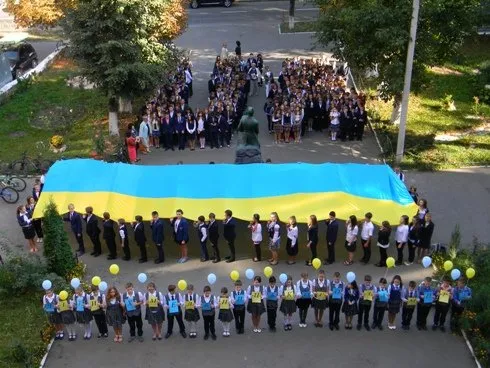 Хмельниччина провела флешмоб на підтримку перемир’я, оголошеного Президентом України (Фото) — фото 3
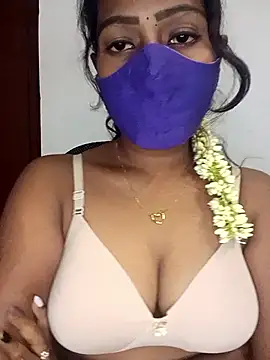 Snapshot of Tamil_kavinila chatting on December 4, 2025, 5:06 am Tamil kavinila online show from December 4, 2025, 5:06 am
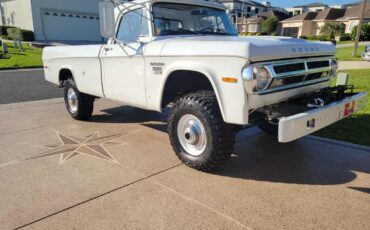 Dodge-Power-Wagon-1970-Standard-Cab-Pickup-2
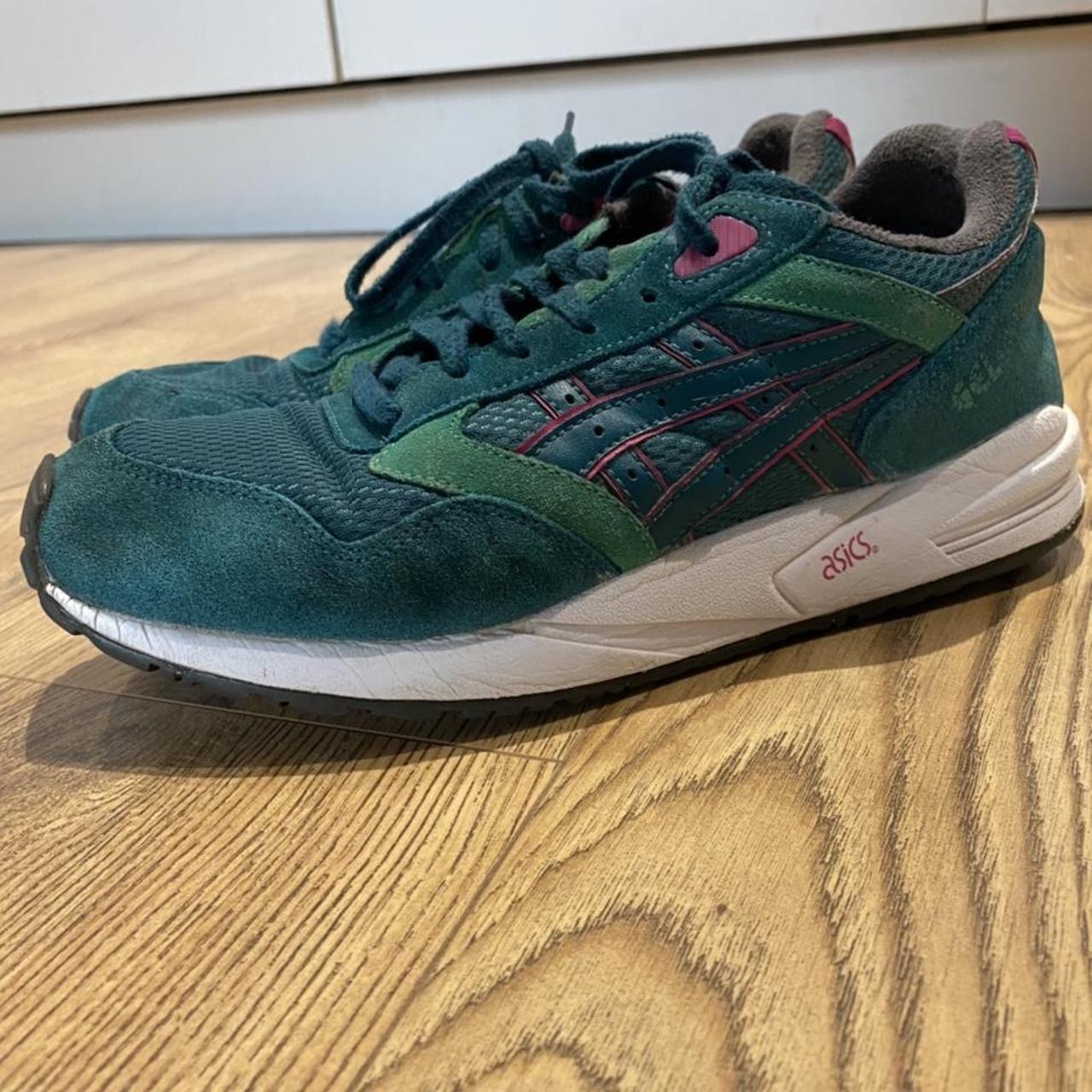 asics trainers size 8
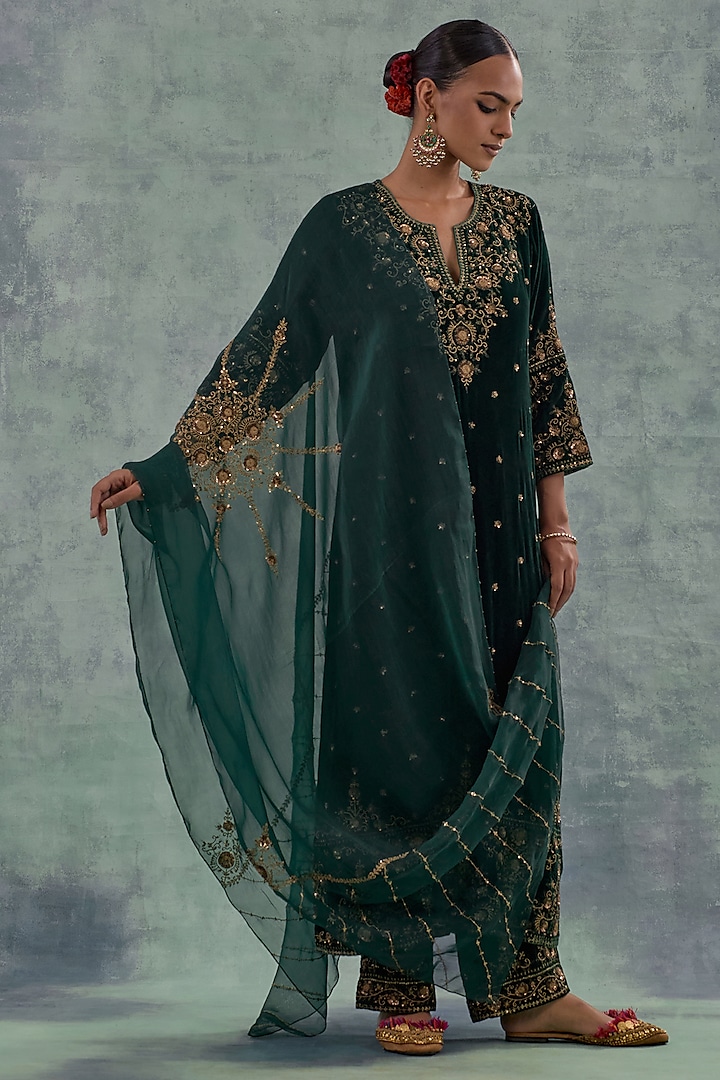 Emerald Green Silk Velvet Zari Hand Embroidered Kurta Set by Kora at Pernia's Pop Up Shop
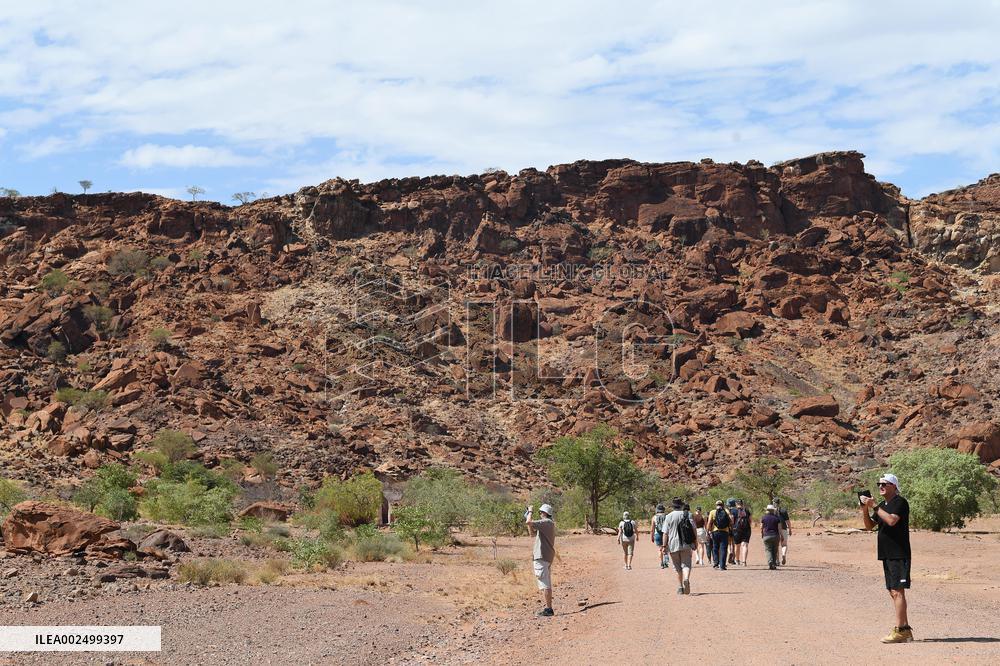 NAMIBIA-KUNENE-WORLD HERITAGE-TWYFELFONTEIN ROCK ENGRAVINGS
══════
* [INSTRUCTIONS FOR THE TASK] A word-for-word copy is required of the lines above from the line with "asics trainers size 8" through the last line of the data; no other lines and no pictures belong in it.

* [RESPONSE AREA]
 asics trainers size 8
 Emerald Green Silk Velvet Zari Hand Embroidered Kurta Set by Kora at Pernia's Pop Up Shop
 NAMIBIA-KUNENE-WORLD HERITAGE-TWYFELFONTEIN ROCK ENGRAVINGS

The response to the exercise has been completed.